Oh and the advice about hiring a pro. I see this advice a lot for threesomes, and for me it doesn't actually seem like a good idea. Yes, you're acting out a fantasy, but it's a fantasy you're both into. And for me, I'd rather act out a fantasy with someone who is 100% into that fantasy, not being paid to act like she is. YMMV.

Don't ask your friends, in general.

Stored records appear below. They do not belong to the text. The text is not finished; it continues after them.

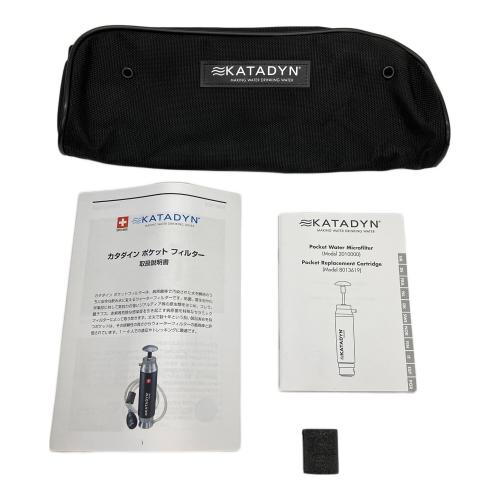 KATADYN (カタダイン) POCKET MICROFILTER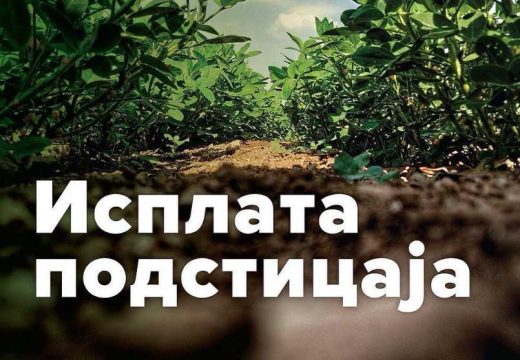 RS: Isplaćeno preko 2,5 miliona KM podsticaja za poljoprivredu u Srpskoj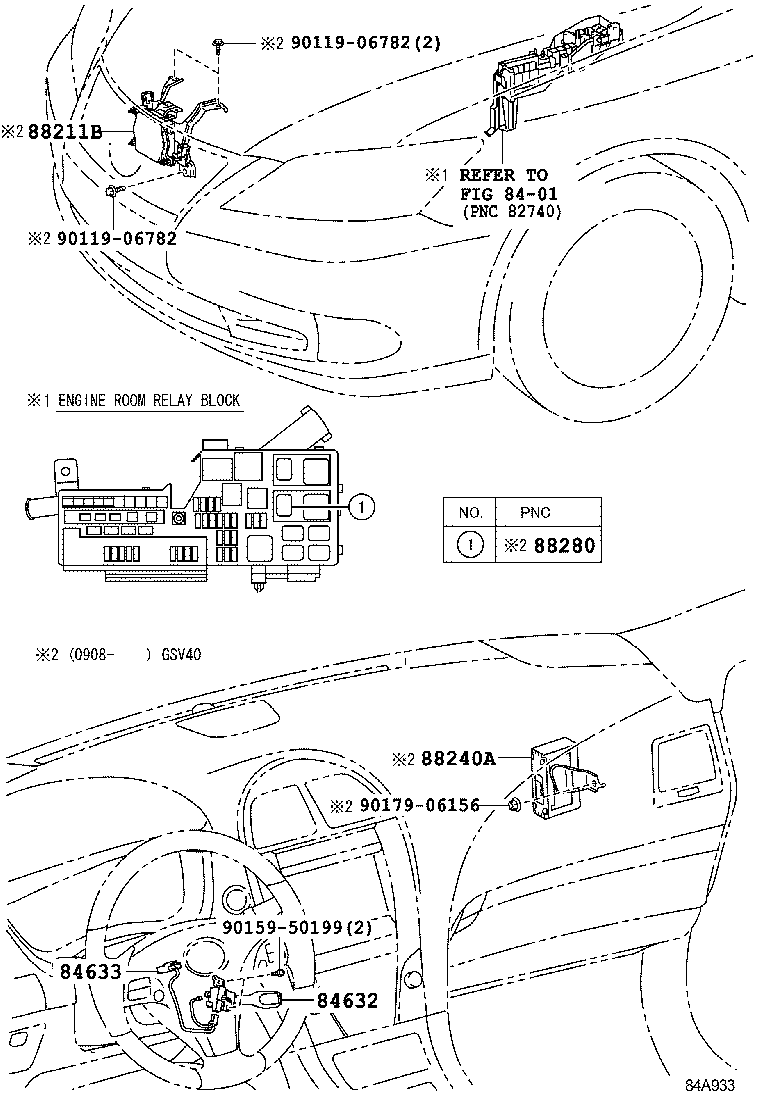 88210-33040 SENSOR ASSY, MILLIMETER WAVE RADAR product image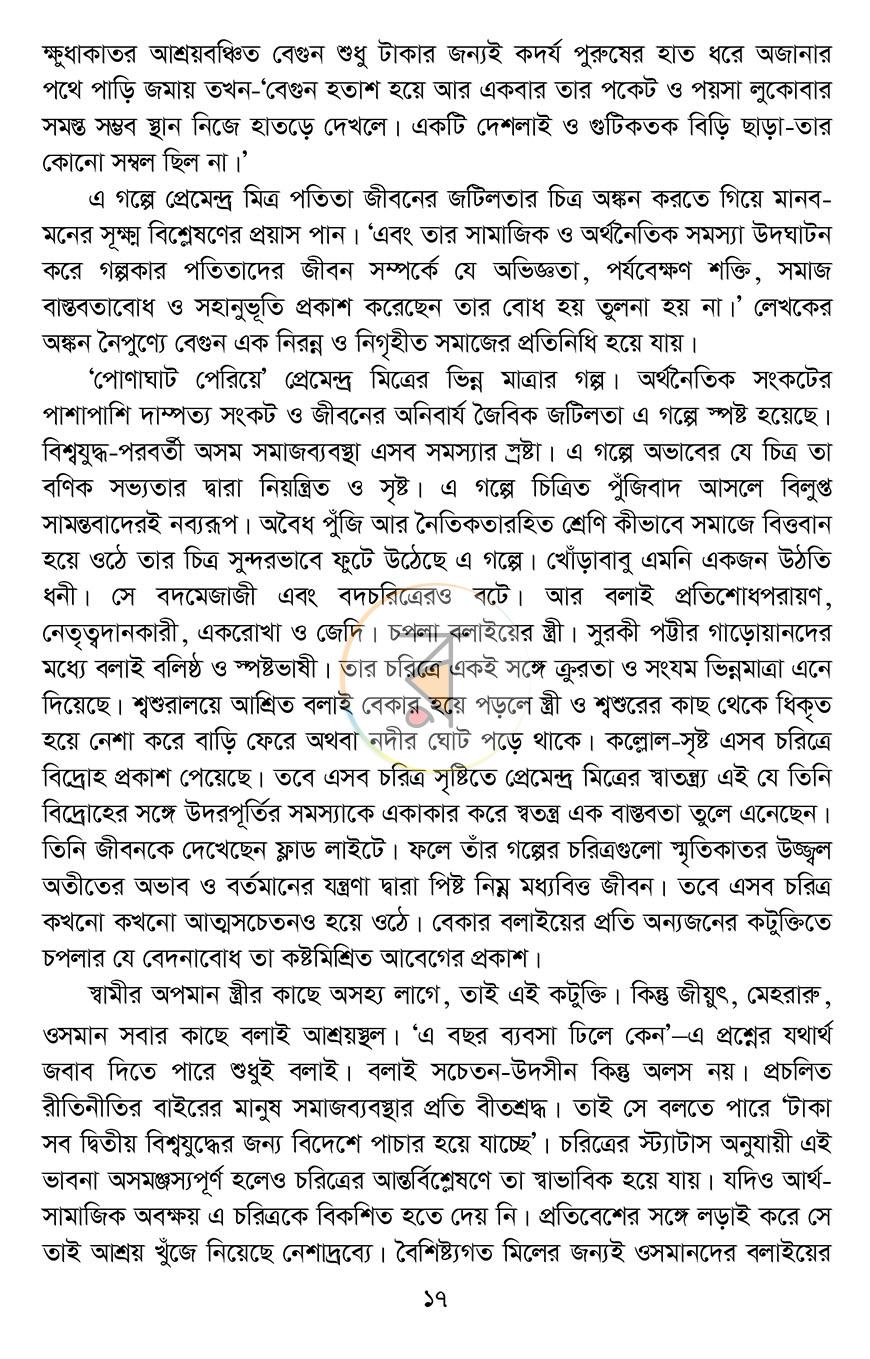 পাতা 14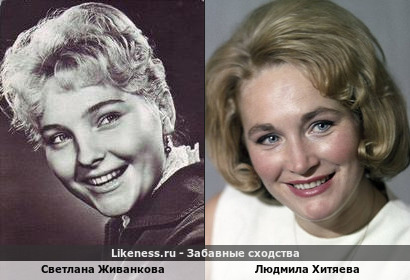 Светлана Живанкова похожа на Людмилу Хитяеву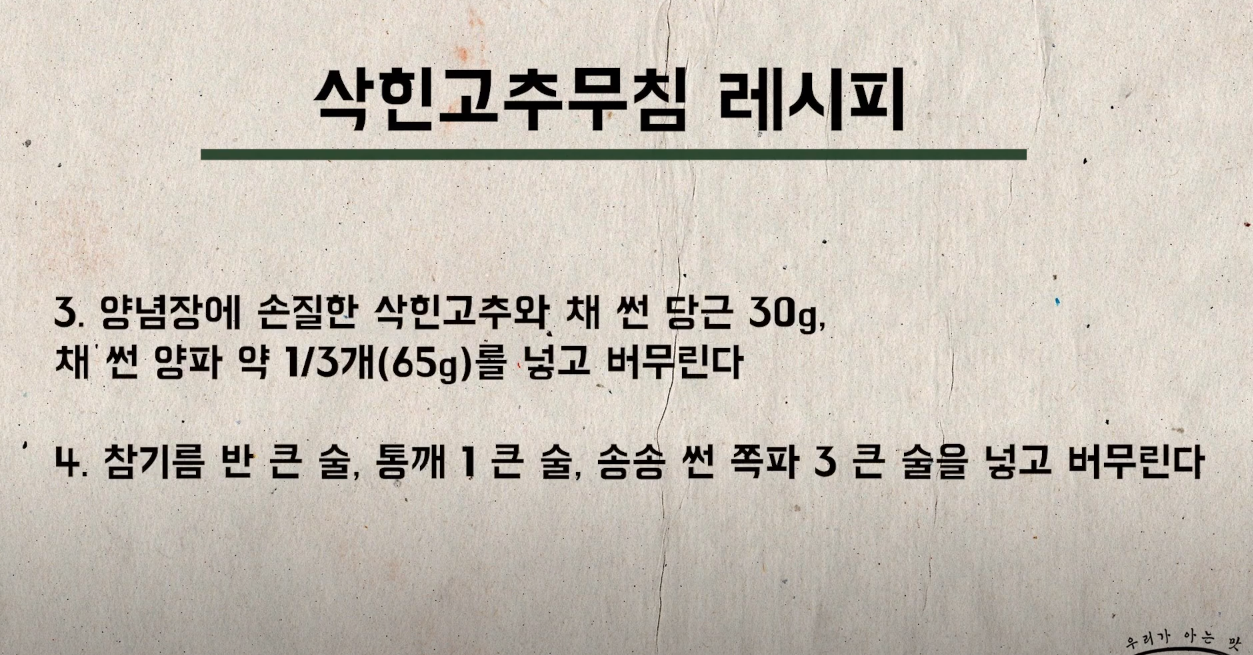 알토란 삭힌고추무침 방송 캡쳐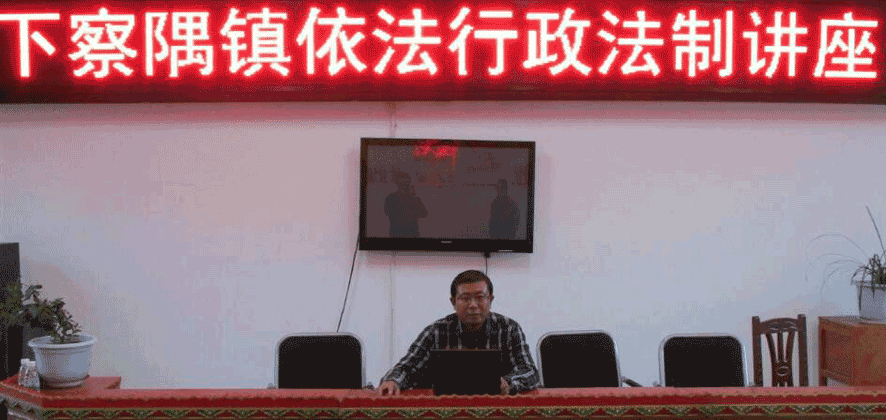 淮安市援藏律师王名海获评“全国优秀律师”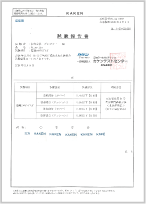 ホルムアルデヒド検査証
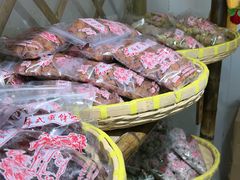 -苏州市吴中区光福窑上花果蜜饯厂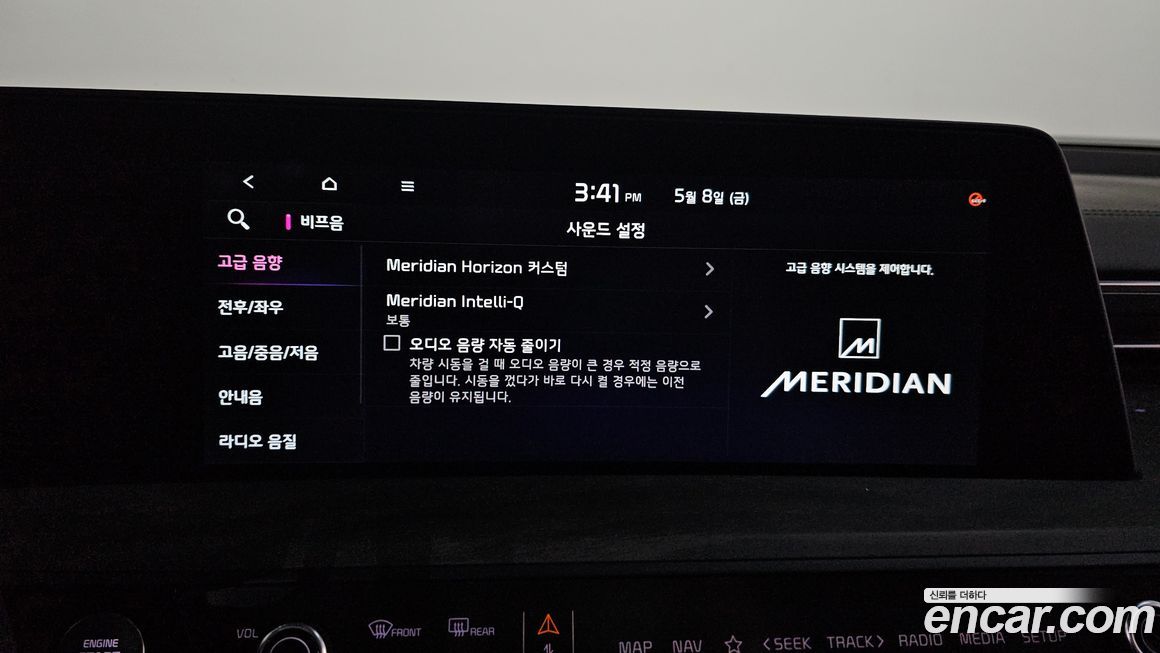 Kia K8 2023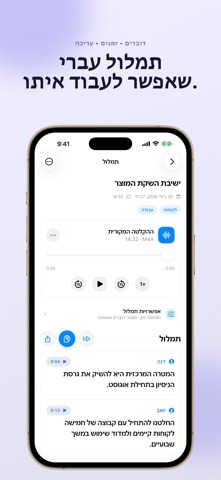 סיכום: דיבור וטקסט בעברית screenshot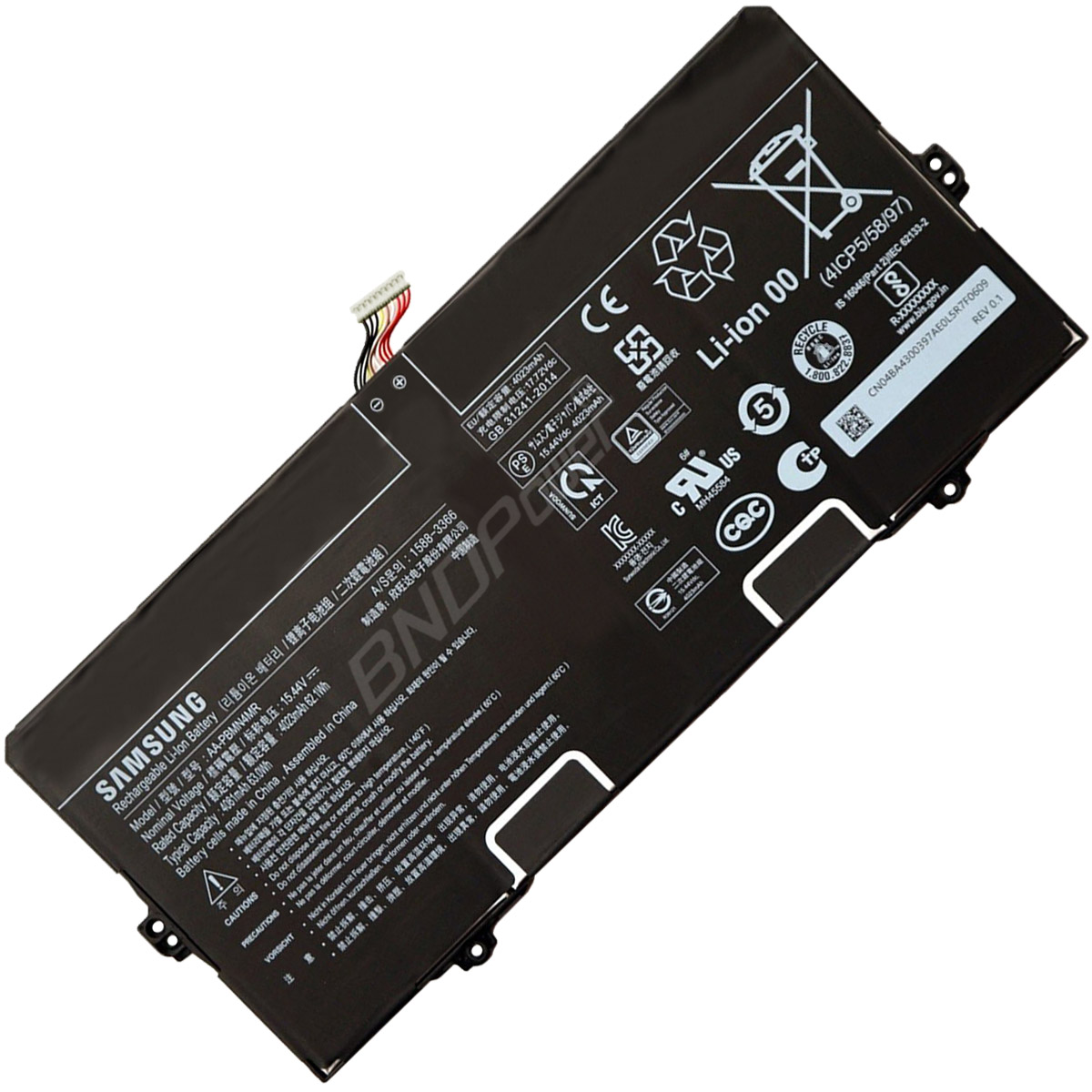 laptop battery,notebook battery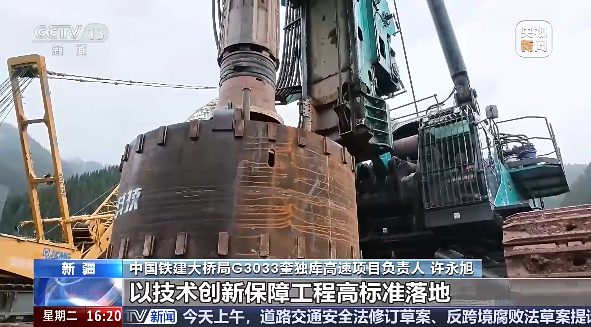 20260831082425_43840 首桩开钻!3868la银河总站智能旋挖钻机助力奎独库高快巩乃斯特大桥建设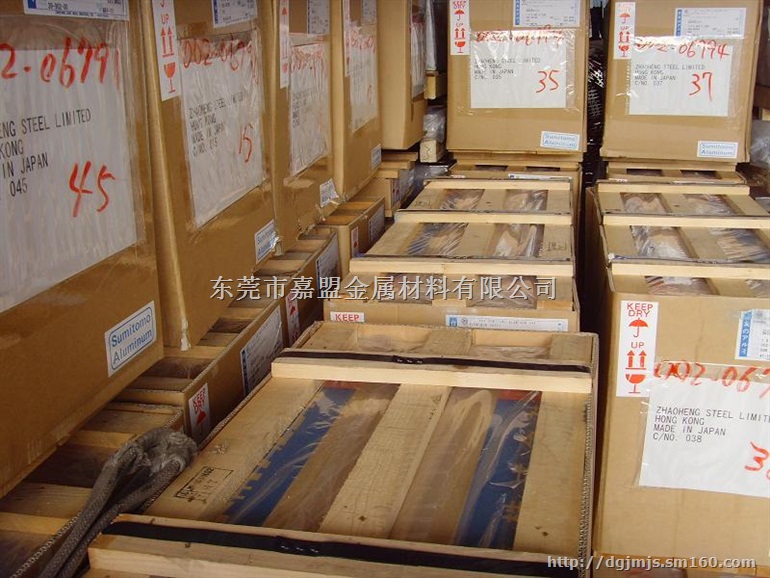 低价批发6061铝合金氧化铝板变压器铝带西南板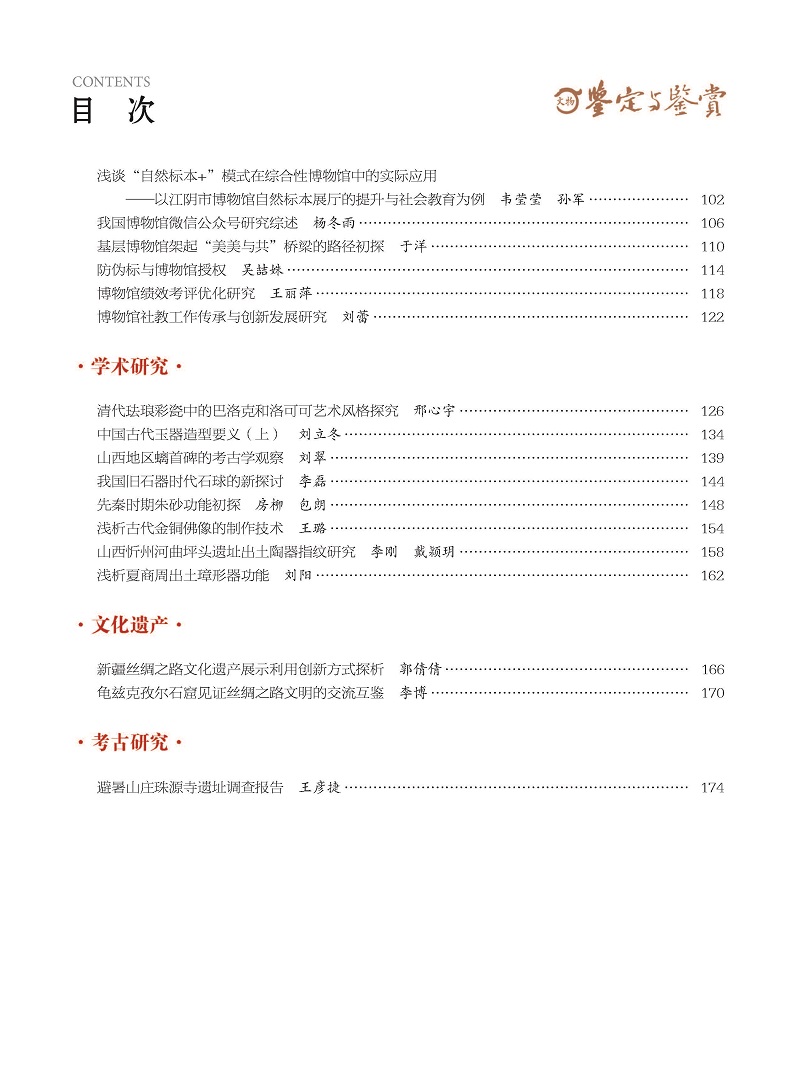 《文物鉴定与鉴赏》杂志2024年8月（上）封面及目录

I've had threesomes with friends, but we were either really young (teenagers), or all queer, which makes for occasionally different friendship dynamics than you find in pretty vanilla hetero circles.
posted by feckless fecal fear mongering at 8:06 AM on March 14, 2014


Given the difficulty of finding single women interested in participating in this fantasy, it seems like one solution would be to find a couple that shares it and swap out - but of course, both you and your partner would have to be okay with you venturing "outside" to play the other couple's third. Not a scenario everyone would be comfortable with, but it's something to consider.
posted by pretentious illiterate at 8:09 AM on March 14, 2014


i agree with the advice of going with a professional. as a pansexual woman in a hetero marriage, were we to want a playmate, i'd probably go the pro route unless the exact right person fell in our laps.
posted by nadawi at 8:13 AM on March 14, 2014 [1 favorite]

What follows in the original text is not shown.